Consumers eat more dairy products at restaurants than when dining at home. So, it stands to reason that dairy product sales could strengthen given nearly 60% of restaurants surveyed by Restaurants365 plan to expand their business in 2023. This business dynamic could take place even with the double headwinds of higher labor and food costs.
The restaurant and home meal paradigm first shifted in 2015, according to U.S. Department of Commerce data. That’s when Americans began eating more meals in restaurants than at home. The historical first was reported in the Hoard’s Dairyman Intel article “Food sales in restaurants trumped grocers.” The only interruption to this trend was the COVID-19 pandemic. Given the 60% expansion forecast, restaurant meals are posed for further upward movement.
In dairy’s case, the growing “eat away from home” trend has been good for cheese, yogurt, and butter, as those products have been well featured in restaurant entrees. The same cannot be said for fluid milk sales.
The labor and food costs duo
“Food and labor are two leading cost drivers that impact a restaurant’s bottom line,” wrote Jenny Day in her article “Restaurants365 releases 2022 State of the Industry survey results.” “Most respondents noted increases in both, with labor costs increasing 9% and food costs increasing 10%, on average.”

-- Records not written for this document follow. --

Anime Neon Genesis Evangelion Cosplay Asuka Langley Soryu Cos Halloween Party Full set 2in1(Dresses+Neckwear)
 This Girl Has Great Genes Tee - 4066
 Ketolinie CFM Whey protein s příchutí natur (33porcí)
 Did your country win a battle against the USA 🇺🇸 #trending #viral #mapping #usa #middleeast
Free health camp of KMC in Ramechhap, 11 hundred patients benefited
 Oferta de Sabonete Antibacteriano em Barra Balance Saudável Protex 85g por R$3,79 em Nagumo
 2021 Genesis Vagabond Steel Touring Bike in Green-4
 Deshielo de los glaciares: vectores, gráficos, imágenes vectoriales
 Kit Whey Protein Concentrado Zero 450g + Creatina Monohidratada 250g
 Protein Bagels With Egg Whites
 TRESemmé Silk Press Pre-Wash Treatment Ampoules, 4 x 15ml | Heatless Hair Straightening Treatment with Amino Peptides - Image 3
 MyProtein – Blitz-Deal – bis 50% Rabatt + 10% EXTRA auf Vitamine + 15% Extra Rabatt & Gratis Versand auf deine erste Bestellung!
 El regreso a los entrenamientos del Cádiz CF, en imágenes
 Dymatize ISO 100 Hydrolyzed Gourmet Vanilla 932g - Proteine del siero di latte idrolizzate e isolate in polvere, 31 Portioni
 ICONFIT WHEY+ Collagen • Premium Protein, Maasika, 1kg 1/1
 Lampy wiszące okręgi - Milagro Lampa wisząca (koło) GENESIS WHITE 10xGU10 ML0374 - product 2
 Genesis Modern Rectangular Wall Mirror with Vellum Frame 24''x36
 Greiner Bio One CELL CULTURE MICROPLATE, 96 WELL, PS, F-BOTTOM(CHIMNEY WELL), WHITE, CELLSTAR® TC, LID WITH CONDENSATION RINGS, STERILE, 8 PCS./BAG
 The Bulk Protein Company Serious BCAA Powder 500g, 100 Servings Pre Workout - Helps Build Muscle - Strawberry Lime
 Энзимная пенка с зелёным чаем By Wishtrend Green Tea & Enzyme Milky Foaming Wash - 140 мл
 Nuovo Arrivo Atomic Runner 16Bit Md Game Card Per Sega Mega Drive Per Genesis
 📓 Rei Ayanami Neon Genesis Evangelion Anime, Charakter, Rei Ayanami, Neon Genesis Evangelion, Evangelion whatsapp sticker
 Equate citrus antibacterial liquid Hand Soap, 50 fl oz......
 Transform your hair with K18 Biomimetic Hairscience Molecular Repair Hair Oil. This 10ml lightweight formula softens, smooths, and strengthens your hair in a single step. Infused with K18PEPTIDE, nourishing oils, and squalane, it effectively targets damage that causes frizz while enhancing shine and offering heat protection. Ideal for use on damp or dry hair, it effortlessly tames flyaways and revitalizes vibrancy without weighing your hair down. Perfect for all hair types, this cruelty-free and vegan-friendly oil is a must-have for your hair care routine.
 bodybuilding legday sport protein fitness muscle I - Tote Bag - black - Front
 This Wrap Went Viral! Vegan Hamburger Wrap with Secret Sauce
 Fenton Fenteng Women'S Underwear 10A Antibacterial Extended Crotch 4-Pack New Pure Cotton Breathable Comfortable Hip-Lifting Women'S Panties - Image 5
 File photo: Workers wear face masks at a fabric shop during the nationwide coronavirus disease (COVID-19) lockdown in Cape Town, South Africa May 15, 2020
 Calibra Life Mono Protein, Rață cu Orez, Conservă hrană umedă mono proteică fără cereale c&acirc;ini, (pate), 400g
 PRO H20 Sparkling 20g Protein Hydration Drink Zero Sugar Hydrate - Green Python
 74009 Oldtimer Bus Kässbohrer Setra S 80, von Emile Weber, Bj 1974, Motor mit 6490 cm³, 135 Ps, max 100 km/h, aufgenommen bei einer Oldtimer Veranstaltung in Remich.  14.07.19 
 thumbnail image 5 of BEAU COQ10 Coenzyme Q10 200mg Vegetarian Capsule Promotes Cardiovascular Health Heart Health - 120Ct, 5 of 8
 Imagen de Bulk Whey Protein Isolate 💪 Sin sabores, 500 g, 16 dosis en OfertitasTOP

Day continued, “Amid increasing inflation, many operators found it necessary to increase menu prices to balance margins and the consumer experience. In 2022, 92% of surveyed restaurants increased their menu prices, with the average increase being 8%.
As for 2023?
Nearly three-fourths (73%) plan to increase restaurant menu prices again.
Since those price hikes are across the menu, dairy sales should see minimal impacts in restaurants.